3GB of WeChat articles, stripped bare for NLP researchers
A scraped, cleaned corpus of WeChat public account articles in JSON format, released for research use.

What it does
This repository distributes roughly 3GB of text scraped from WeChat public accounts (微信公众号). The HTML has been stripped out, leaving one JSON object per line with fields for account name, ID, article title, and body text. Data arrives in password-free split zip archives; a preview.json gives you the shape before downloading the full set.
The interesting bit
The cleaning is the product. Raw WeChat HTML is noisy—ads, formatting, scripts—so having pre-extracted plain text saves researchers a tedious preprocessing step. The maintainer also commits to periodic updates, which matters for a platform where content churns fast.
Key highlights
- ~3GB of Chinese text, one article per line in JSONL-ish format
- Fields:
name,account,title,content - Split zip archives, no password hassle
preview.jsonfor quick inspection- Explicitly research-use only (no commercial license stated)

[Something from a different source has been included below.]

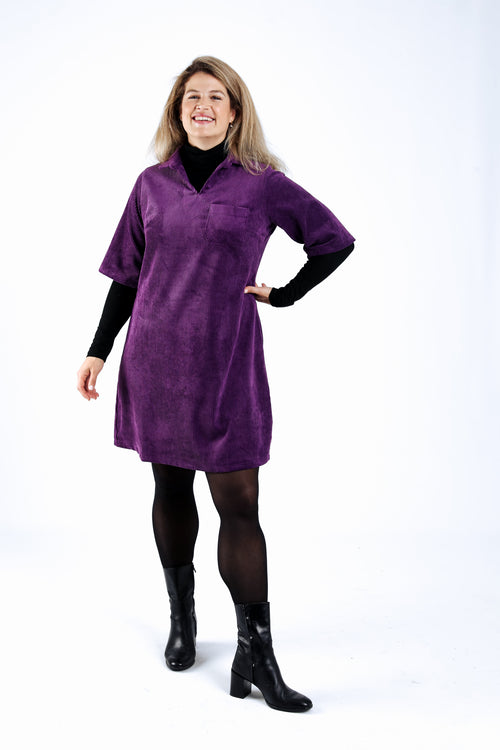 Einfarbiges Kleid aus Cord-Paprika-6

- Maintainer open to requests via GitHub Issues
Caveats
- No documentation on scraping methodology, date ranges, or account selection criteria—so representativeness is unclear
- “定期更新” is promised but no schedule or changelog is visible
- No license file; the “research only” request is a wish, not a legal framework
Verdict
Grab it if you need bulk Chinese text for NLP experiments and can live with opaque provenance. Skip if your project requires strict reproducibility, legal clarity, or up-to-the-month freshness.